Task objective:
Starting with the line that contains "ジョーマローン ポメグラネート ノアール" and stopping after the line that contains "Crown Automotive J5454184", copy the entries below exactly. Include nothing else.

/---

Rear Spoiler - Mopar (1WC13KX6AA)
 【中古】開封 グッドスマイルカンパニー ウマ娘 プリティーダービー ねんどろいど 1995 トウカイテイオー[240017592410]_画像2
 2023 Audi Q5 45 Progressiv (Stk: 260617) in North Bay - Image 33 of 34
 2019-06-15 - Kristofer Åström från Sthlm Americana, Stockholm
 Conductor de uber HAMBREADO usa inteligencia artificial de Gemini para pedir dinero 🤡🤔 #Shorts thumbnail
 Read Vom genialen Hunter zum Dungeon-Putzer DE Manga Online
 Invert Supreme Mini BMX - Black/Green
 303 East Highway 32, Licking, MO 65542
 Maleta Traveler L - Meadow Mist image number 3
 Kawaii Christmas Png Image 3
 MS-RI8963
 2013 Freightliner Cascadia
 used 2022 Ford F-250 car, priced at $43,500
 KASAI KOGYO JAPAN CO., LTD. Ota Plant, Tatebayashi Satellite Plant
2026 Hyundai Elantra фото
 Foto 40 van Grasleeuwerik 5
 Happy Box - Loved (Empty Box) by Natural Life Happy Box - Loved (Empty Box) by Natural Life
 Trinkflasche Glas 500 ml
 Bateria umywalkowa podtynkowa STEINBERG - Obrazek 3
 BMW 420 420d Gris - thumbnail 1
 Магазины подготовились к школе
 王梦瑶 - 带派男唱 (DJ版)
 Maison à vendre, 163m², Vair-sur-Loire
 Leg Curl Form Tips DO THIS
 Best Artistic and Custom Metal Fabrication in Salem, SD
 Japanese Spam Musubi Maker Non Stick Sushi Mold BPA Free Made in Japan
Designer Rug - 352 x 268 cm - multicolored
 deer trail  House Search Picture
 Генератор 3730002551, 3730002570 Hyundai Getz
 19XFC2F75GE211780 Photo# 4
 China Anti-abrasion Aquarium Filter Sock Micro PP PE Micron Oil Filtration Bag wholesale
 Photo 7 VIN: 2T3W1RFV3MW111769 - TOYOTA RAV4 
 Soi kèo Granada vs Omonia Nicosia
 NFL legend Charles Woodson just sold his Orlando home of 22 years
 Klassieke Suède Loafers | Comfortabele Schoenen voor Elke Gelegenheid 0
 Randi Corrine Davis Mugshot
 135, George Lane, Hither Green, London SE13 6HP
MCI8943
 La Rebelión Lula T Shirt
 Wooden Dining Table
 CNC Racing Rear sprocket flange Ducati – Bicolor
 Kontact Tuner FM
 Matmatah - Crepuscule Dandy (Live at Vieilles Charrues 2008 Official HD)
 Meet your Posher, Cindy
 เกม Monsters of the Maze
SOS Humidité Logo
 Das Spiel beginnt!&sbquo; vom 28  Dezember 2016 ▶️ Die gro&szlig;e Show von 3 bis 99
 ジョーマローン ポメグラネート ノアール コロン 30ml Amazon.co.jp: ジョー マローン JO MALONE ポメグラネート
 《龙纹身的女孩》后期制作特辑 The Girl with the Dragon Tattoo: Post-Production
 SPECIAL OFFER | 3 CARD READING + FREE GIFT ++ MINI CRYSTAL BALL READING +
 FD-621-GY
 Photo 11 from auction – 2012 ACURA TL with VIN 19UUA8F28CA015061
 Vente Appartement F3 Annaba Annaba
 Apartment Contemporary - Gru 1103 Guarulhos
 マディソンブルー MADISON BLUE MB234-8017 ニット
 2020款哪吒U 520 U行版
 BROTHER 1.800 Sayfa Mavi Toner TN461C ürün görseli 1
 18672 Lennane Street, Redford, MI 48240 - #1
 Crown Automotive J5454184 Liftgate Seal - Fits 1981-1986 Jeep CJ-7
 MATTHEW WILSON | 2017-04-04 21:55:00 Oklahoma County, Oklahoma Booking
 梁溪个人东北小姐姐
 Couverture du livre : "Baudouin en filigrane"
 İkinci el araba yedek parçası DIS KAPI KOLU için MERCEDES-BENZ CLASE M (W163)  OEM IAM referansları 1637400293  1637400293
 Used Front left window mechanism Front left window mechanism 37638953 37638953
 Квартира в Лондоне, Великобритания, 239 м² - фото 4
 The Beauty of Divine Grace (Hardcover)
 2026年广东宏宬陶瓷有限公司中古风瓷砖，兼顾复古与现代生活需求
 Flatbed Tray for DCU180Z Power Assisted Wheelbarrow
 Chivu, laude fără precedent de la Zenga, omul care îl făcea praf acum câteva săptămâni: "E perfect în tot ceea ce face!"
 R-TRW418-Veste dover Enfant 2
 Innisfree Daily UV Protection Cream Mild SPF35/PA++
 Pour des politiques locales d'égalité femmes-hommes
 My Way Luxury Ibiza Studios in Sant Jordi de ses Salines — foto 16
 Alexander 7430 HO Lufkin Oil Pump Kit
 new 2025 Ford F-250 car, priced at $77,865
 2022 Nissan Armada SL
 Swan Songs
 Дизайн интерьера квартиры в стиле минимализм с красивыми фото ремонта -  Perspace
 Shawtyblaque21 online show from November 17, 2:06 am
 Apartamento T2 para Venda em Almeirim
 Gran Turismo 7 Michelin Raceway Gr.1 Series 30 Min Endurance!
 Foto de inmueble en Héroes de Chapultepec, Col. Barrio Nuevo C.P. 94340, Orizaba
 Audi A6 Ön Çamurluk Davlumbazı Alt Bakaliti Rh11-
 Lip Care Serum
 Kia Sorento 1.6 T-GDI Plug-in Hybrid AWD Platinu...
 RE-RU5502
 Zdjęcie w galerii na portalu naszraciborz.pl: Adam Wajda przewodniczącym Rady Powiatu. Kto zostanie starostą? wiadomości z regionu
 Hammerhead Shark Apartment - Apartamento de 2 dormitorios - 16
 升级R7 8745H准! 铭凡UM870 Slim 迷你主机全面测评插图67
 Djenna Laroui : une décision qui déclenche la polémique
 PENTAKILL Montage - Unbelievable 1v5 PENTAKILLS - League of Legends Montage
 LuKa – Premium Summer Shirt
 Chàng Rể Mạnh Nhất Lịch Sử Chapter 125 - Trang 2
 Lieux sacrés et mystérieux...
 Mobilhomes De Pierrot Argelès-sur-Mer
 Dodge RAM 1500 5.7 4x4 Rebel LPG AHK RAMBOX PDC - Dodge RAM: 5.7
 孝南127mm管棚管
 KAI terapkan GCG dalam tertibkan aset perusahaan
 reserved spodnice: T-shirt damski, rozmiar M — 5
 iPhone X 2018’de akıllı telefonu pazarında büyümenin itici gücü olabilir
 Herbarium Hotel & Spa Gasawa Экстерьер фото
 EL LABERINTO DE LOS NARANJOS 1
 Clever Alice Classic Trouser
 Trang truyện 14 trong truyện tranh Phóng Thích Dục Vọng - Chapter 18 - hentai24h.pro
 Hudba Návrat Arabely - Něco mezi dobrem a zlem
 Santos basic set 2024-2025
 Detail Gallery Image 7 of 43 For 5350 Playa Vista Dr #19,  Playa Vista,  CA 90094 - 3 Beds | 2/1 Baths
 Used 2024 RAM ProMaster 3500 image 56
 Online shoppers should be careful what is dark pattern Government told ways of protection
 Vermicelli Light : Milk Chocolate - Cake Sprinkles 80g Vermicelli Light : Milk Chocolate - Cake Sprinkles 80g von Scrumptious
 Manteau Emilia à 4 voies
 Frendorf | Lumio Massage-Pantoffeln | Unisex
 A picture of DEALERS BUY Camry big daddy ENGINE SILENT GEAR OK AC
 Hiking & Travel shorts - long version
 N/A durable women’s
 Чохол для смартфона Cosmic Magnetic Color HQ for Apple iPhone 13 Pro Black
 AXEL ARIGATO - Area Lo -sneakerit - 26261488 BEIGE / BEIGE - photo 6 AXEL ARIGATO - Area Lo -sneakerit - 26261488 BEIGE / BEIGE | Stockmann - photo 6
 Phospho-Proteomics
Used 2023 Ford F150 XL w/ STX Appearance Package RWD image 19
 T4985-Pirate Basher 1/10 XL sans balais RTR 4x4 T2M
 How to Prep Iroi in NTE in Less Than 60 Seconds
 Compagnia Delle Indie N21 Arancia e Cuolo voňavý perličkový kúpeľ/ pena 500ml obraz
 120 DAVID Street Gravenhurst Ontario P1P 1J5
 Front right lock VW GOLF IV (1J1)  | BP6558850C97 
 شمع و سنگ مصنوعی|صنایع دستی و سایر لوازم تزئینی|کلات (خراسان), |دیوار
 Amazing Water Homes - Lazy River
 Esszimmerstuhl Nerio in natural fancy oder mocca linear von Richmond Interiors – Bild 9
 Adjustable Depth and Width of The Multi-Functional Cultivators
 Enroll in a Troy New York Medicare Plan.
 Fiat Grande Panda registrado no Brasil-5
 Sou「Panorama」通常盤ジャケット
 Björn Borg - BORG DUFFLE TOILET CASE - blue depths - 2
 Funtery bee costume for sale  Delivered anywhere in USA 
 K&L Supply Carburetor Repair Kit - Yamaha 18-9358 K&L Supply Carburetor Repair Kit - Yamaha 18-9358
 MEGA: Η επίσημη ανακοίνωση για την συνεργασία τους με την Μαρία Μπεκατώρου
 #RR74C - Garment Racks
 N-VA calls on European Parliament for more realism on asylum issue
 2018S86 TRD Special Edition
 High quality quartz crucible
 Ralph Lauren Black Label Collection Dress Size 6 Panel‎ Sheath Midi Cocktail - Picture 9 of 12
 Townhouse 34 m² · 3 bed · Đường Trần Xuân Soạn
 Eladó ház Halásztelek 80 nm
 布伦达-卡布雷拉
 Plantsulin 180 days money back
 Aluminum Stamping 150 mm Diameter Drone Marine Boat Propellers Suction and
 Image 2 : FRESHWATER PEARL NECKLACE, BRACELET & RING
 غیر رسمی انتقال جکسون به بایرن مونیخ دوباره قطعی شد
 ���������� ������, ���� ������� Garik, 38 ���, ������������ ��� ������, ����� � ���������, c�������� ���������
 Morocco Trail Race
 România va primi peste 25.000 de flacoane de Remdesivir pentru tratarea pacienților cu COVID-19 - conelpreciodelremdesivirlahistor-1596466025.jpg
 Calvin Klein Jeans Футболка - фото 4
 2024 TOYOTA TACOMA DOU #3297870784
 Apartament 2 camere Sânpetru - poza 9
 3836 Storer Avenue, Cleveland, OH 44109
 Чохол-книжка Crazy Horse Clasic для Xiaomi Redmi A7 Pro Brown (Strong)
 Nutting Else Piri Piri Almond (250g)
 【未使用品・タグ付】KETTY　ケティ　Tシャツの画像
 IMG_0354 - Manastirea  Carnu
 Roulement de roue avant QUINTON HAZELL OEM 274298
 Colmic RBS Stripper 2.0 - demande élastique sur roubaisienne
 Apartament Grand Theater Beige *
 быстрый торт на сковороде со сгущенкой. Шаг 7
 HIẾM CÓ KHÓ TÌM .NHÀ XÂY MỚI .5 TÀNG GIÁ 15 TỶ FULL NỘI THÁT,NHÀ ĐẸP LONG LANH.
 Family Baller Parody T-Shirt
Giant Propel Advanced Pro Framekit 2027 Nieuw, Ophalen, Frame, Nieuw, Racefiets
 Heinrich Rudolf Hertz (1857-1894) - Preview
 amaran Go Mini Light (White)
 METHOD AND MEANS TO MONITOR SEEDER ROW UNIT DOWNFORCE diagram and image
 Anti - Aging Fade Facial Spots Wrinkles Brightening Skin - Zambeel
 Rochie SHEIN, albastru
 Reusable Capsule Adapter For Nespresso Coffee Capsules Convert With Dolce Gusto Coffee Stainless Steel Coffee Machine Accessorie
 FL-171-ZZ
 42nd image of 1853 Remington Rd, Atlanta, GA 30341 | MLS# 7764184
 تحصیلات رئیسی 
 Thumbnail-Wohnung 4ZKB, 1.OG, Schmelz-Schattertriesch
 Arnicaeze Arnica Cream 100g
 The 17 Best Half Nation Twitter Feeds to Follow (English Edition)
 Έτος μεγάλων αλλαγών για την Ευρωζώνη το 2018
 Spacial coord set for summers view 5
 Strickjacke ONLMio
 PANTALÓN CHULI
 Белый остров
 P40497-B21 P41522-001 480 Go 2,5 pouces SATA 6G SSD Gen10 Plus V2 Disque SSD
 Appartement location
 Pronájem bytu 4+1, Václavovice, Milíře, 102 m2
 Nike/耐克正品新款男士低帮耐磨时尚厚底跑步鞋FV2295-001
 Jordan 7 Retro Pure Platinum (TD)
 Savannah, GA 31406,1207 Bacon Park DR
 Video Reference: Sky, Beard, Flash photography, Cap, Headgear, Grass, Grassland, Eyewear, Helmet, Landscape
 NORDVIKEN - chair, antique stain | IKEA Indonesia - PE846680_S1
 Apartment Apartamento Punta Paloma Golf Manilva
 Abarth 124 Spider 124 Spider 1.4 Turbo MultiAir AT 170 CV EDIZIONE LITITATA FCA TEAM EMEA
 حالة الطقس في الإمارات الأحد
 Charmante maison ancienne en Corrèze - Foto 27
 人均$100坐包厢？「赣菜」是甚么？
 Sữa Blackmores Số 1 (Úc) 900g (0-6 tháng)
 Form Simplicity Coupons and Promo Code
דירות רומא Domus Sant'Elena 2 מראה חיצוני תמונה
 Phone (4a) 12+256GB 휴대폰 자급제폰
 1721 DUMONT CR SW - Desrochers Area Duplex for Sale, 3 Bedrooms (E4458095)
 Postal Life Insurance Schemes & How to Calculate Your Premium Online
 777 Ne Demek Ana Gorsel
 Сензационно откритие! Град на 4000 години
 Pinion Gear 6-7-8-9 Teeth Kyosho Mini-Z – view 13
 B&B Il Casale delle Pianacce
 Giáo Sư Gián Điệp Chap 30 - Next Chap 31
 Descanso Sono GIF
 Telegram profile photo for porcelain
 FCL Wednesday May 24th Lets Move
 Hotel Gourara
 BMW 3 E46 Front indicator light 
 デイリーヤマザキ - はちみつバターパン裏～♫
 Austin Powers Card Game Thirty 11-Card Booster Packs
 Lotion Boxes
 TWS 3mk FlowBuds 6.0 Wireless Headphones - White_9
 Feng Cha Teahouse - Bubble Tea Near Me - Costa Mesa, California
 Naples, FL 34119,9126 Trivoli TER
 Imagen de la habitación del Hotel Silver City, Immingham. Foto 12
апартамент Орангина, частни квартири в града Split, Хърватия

\---

Answer box:
 ジョーマローン ポメグラネート ノアール コロン 30ml Amazon.co.jp: ジョー マローン JO MALONE ポメグラネート
 《龙纹身的女孩》后期制作特辑 The Girl with the Dragon Tattoo: Post-Production
 SPECIAL OFFER | 3 CARD READING + FREE GIFT ++ MINI CRYSTAL BALL READING +
 FD-621-GY
 Photo 11 from auction – 2012 ACURA TL with VIN 19UUA8F28CA015061
 Vente Appartement F3 Annaba Annaba
 Apartment Contemporary - Gru 1103 Guarulhos
 マディソンブルー MADISON BLUE MB234-8017 ニット
 2020款哪吒U 520 U行版
 BROTHER 1.800 Sayfa Mavi Toner TN461C ürün görseli 1
 18672 Lennane Street, Redford, MI 48240 - #1
 Crown Automotive J5454184 Liftgate Seal - Fits 1981-1986 Jeep CJ-7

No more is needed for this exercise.